> Problem description
Scan the listing and copy each line where the word "with" is present.

> Given records
········

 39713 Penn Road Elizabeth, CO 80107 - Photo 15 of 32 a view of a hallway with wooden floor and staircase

········

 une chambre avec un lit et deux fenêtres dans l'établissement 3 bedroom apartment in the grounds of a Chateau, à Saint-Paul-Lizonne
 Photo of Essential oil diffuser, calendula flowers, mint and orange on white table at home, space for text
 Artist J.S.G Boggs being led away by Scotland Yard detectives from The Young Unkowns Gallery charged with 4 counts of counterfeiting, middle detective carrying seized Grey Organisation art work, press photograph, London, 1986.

········

> Final answer
 39713 Penn Road Elizabeth, CO 80107 - Photo 15 of 32 a view of a hallway with wooden floor and staircase
 Artist J.S.G Boggs being led away by Scotland Yard detectives from The Young Unkowns Gallery charged with 4 counts of counterfeiting, middle detective carrying seized Grey Organisation art work, press photograph, London, 1986.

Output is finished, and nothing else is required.